- Full name: Budda Aruna Reddy
- Born: 25 December 1995 (age 30) Hyderabad, Andhra Pradesh, India
- Height: 4 ft 8 in (142 cm)

Gymnastics career
- Discipline: Women's artistic gymnastics
- Country represented: India; (2013);
- College team: St. Mary's College, Hyderabad
- Medal record
Women's artistic gymnastics
Representing India
Artistic Gymnastics World Cup
| Bronze medal – third place | 2018 Melbourne | Vault |

= Aruna Reddy =

Indian artistic gymnast

Budda Aruna Reddy (born 25 December 1995) is an Indian female artistic gymnast, representing at international competitions. She won bronze medal in 2018 World Cup Gymnastics in women's vault event in Melbourne. She created history by becoming the first Indian to clinch a medal at Gymnastics World Cup. She competed at world championships, including the 2013 World Artistic Gymnastics Championships in Antwerp, Belgium. She is supported by GoSports Foundation through the Rahul Dravid athlete mentorship programme.

==Early life==
Aruna Reddy was born in Hyderabad, Telangana to Subadhra and Narayana Reddy, an accountant. She has an elder sister, Pavani Reddy, a Company Secretary. She completed her Intermediate from St Mary's Junior College, Basheerbagh in 2013 and B.Com from St. Mary's College, Hyderabad in 2017. She has black belt in karate and was a trainer until she joined gymnastics.

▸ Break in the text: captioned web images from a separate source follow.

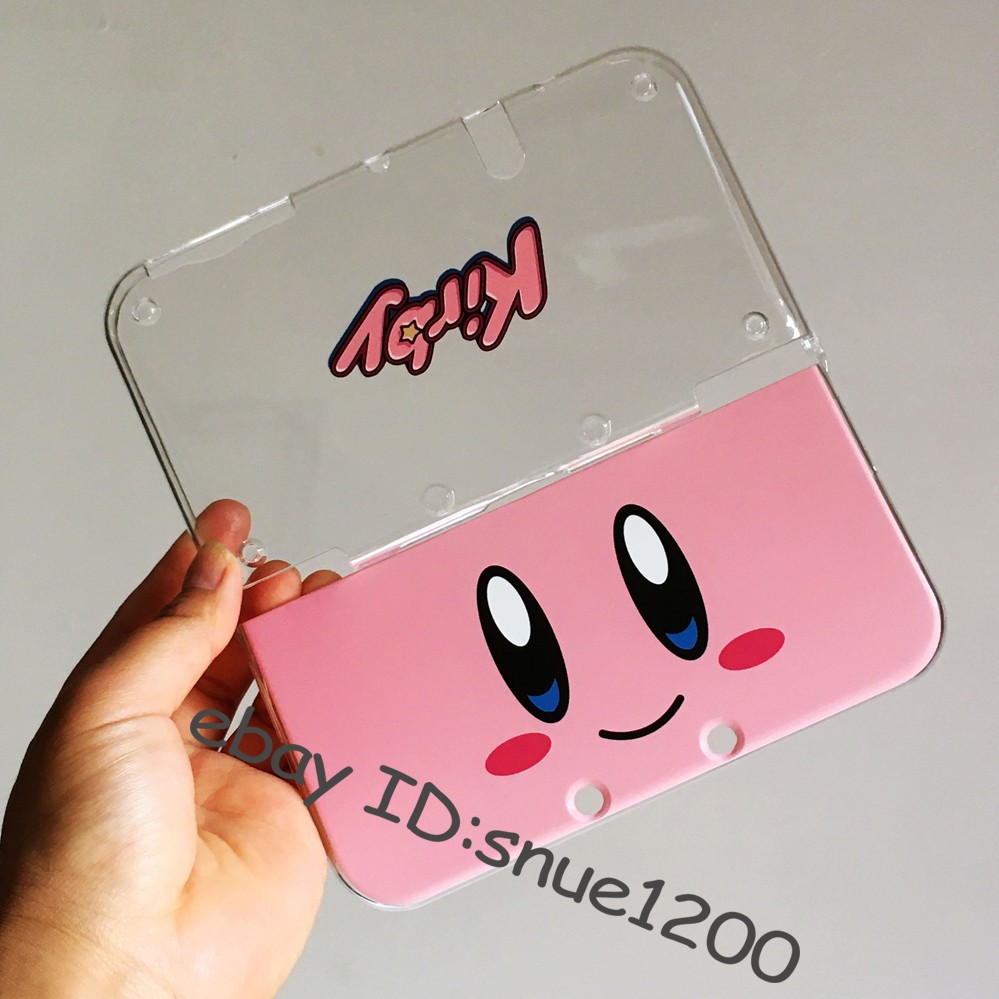 Kirby Custom Cute Pink Themed For Nintendo New 3ds XL/LL console parts Shell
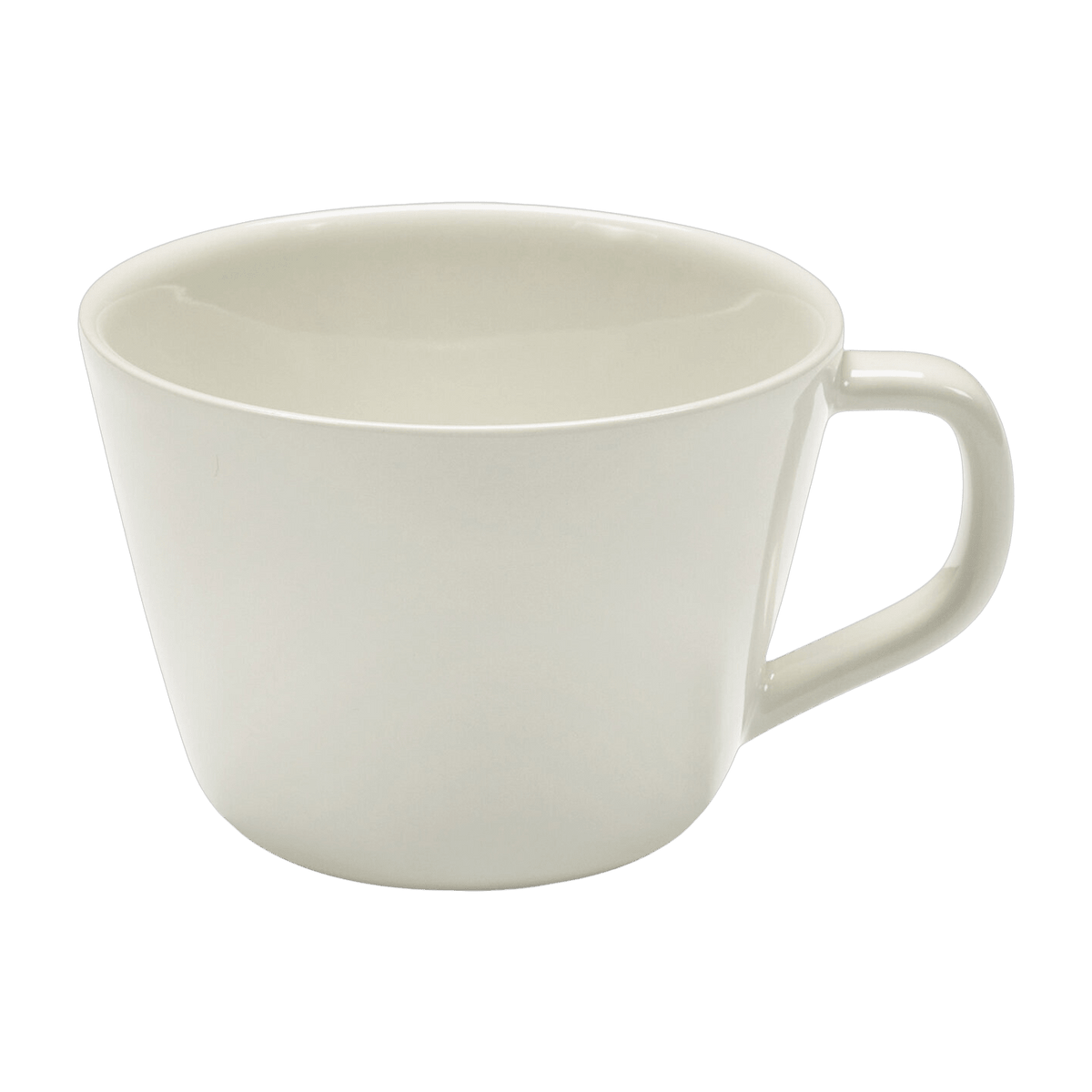 Tasse à cappuccino en porcelaine ivoire 11x9x6,5cm Cena - Serax - The Cool Republic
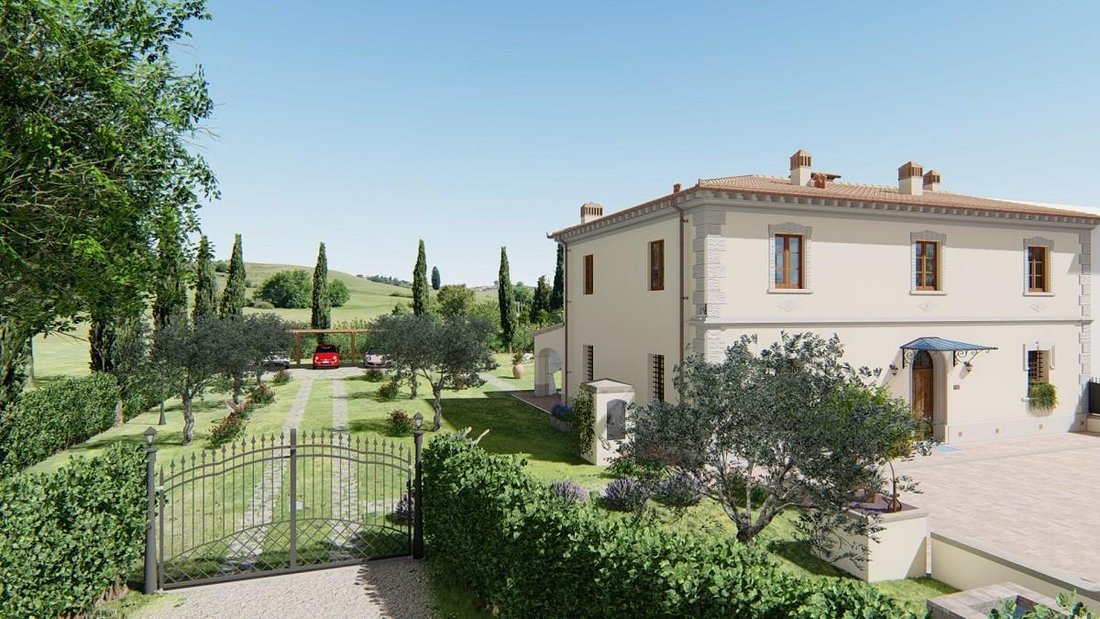 Country House in Fiano - Marcialla, Certaldo, Tuscany 4 - 14087889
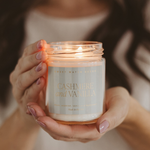 Load image into Gallery viewer, Cashmere and Vanilla 9 oz Soy Candle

==Early Gymnastics Career==
When Aruna Reddy was five years old, her father pulled her out of karate and enrolled her in gymnastics, when he spotted that she had the flexibility and build for a gymnast. Her father then enrolled Aruna under the tutelage of coaches, Swarnalatha and Ravinder at the Lal Bahadur Shastri Stadium, Hyderabad.

Swarnalatha's husband Giriraj took Aruna under his wings after noticing her talent. Giriraj died in an accident in 2008 and Aruna has since been training under coach Brij Kishore with whom she won medals at three National Games of India.

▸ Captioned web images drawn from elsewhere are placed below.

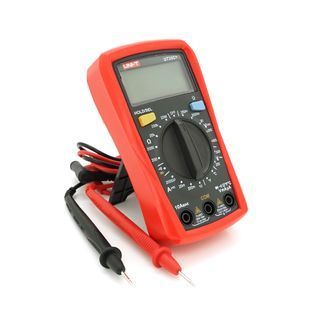 Мультиметр UNI-T UT33С+ Измерения: V, A, R, T -YT8150 фото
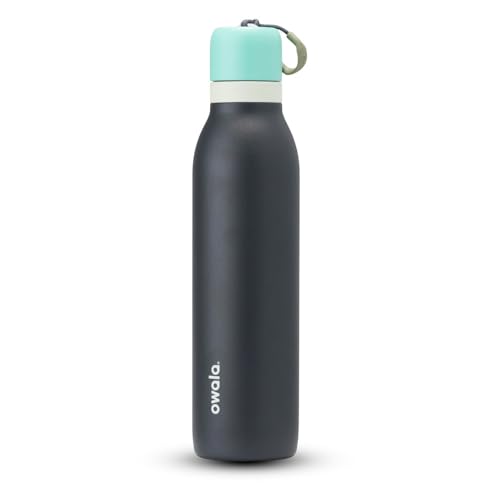 Owala FreeSip Twist Insulated Stainless Steel Water Bottle with Straw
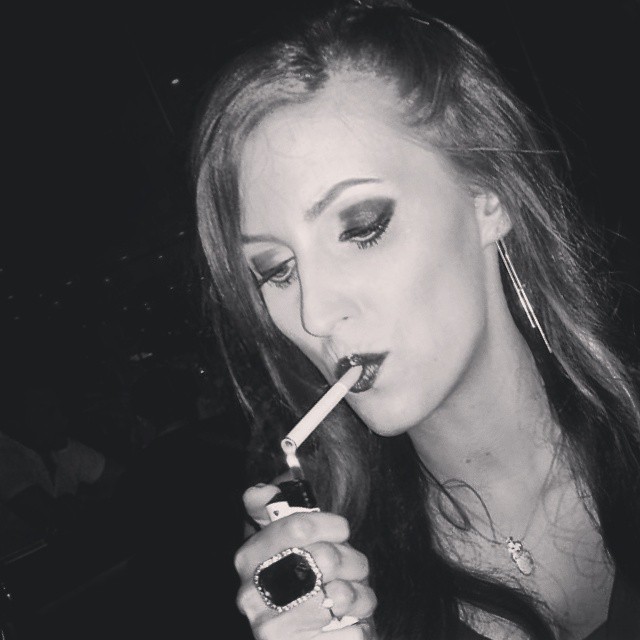 smokefetishwow:  More from my InstaWife
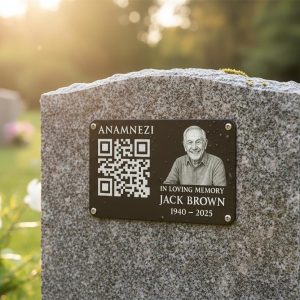 Anamnezi Memorial Plaque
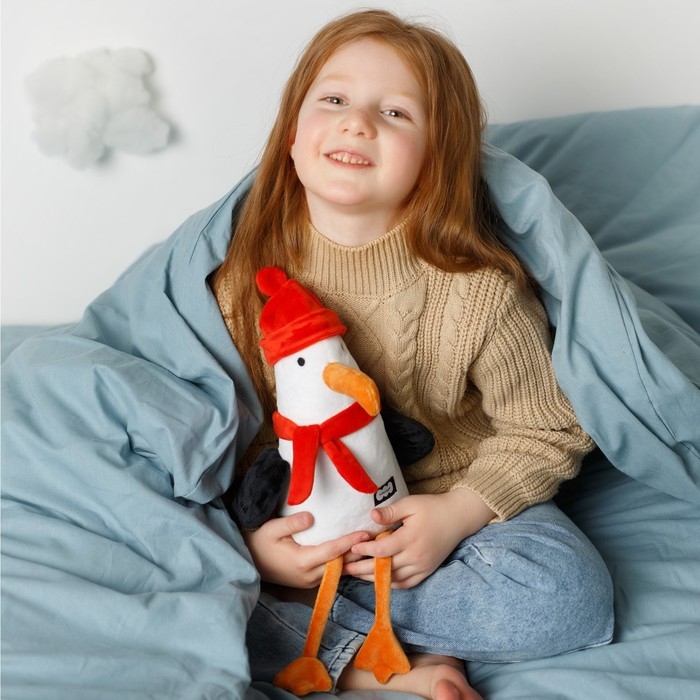 Мягкая игрушка &laquo;Чайка Зима&raquo;, 24 см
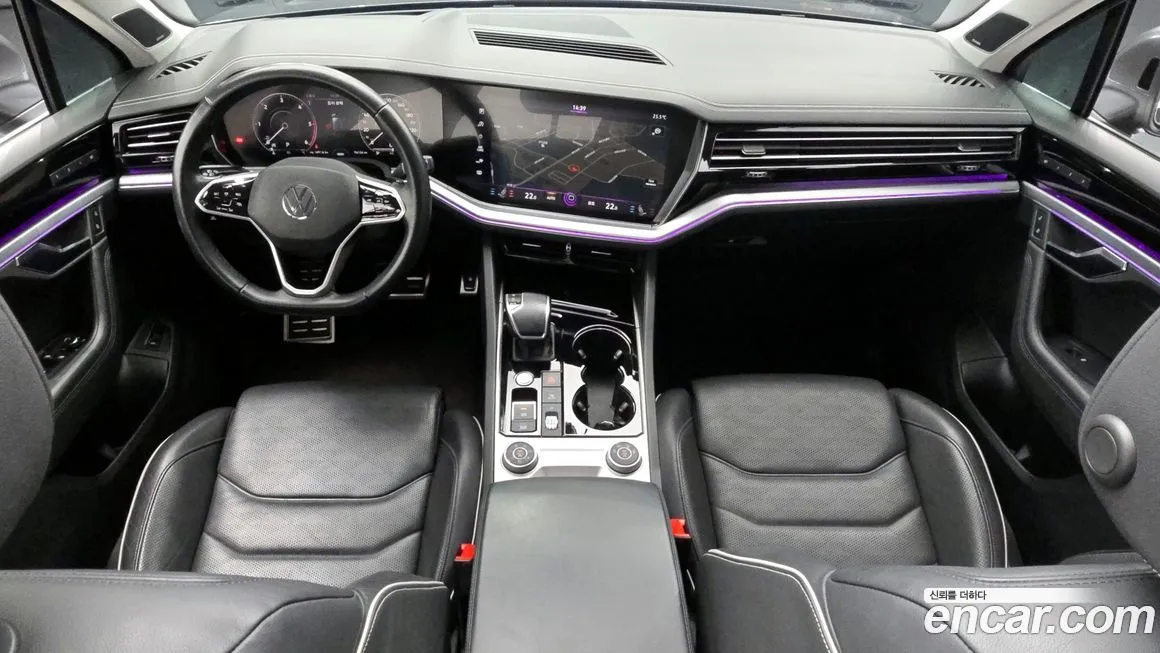 Volkswagen Touareg 2021 из KR, фото 7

==International Gymnastics career==
Aruna participated in the World Championships in 2013, 2014 2017, & 2019 at Antwerp, Nanning, Montreal, & Stuttgart respectively, but failed to progress beyond the qualifying rounds.

===World cup bronze medal===
She competed at the 2018 Gymnastics World Cup and created history after becoming the first Indian to win a medal in an individual event at the Gymnastics World Cup by claiming a bronze medal in the women's individual vault event.

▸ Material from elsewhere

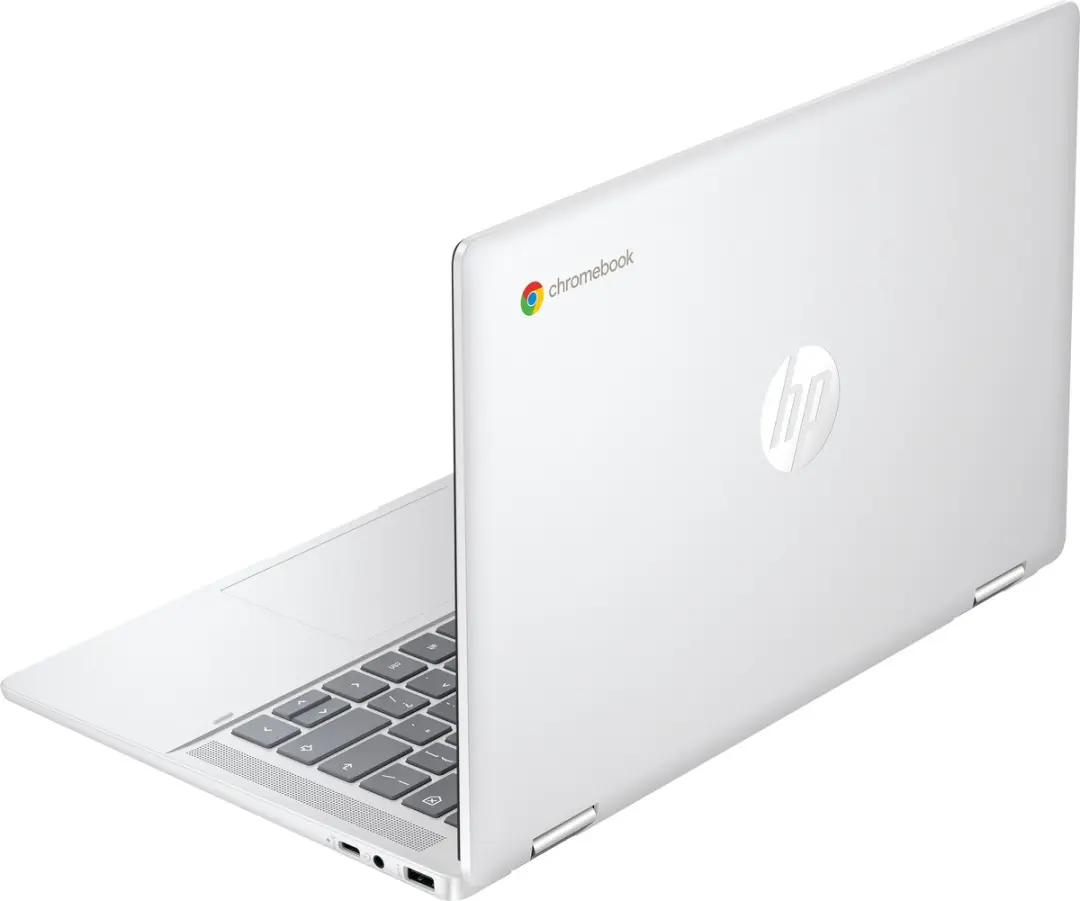 HP Chromebook x360 14b-cd0128ndx - 14" Touchscreen - 8GB/128GB - Zilver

Aruna dedicated her win to her late father who inspired her to realize her potential. She received ₹2 crore cash award from the Chief Minister of Telangana, K. Chandrashekar Rao for her feat.

Aruna has won Two Gold Medals in the Table vault and Floor Events in the EGYPTIAN PHARAOHS CUP 2021, held in Cairo, Egypt from 17 – 19 December 2021.